Inside Franchise Business: measure franchise recruitment in more than numbersWhat determines success in the franchise recruitment space? Suzanne Jarzabkowska CEO DCS Group and James Young,Head of Recruitment, DC Strategy, look at the issue.

While most franchise networks would define success similarly in the long term, the journey to the multi-million dollar liquidity event to an international VC or private equity buyer is marked by a number of phases. Each of these have a number of determining factors and to some degree each franchise system will have a different answer.

Your franchise network’s success depends firstly on the desirability of your products and services to consumers and your ability to sell and differentiate them in the marketplace. The second factor is the desirability of your franchise proposition.

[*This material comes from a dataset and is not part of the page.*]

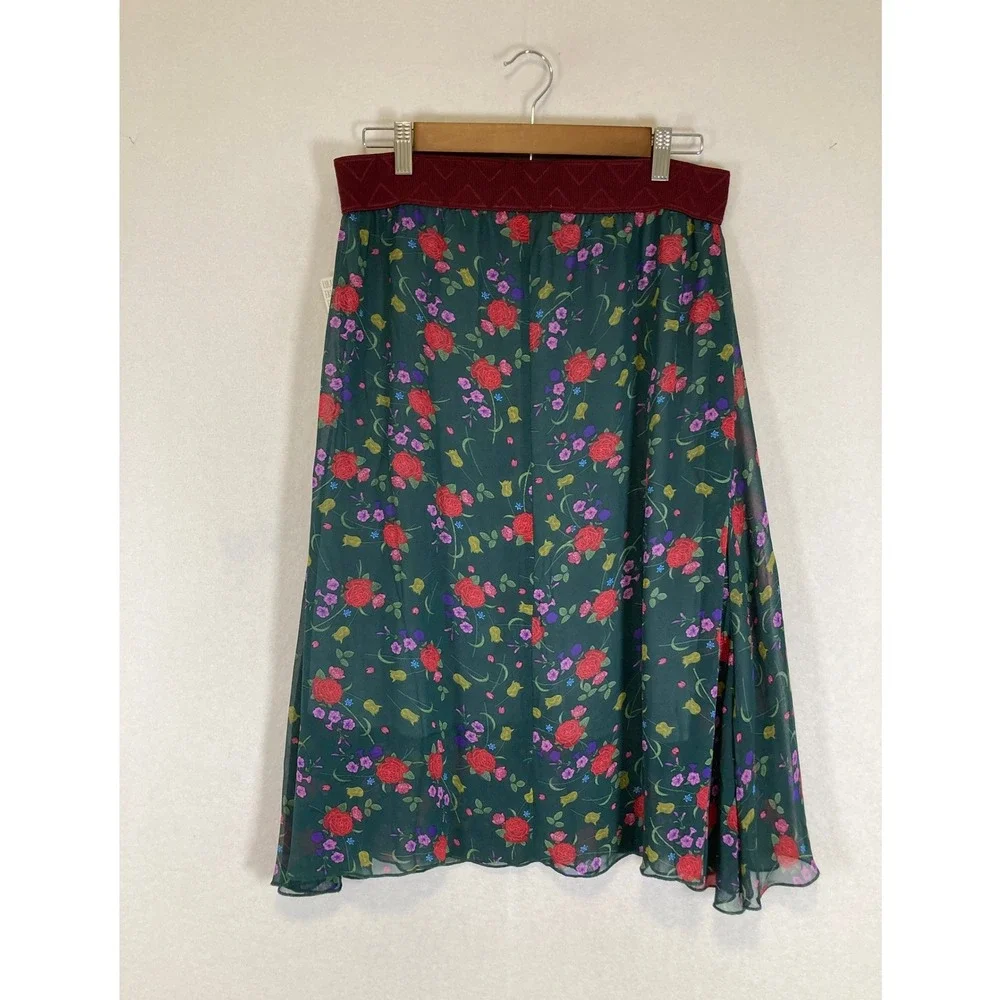 Cottagecore LuLaRoe Women Medium‎ Green Floral Rose Chiffon Lined Midi Skirt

While that is partly connected to consumer uptake, it is as dependent on the appeal, strength and maturity of your franchise system compared to competitors with franchise offers in the same price category. Success can also be defined differently at the various stages of the franchise cycle:

Start-up franchisor

As a new franchisor, the path to success will be evident through the development of your franchise offer. You will need to develop operational systems and procedures and compile an operations manual with training guidelines and a head office training and support system.

You’ll need to extrapolate your financial performance data to create an economic model for the franchisee prototype and develop a network expansion model. Your franchise specialist lawyer will draft the franchise legal documents and you’ll need brand guidelines and marketing collateral.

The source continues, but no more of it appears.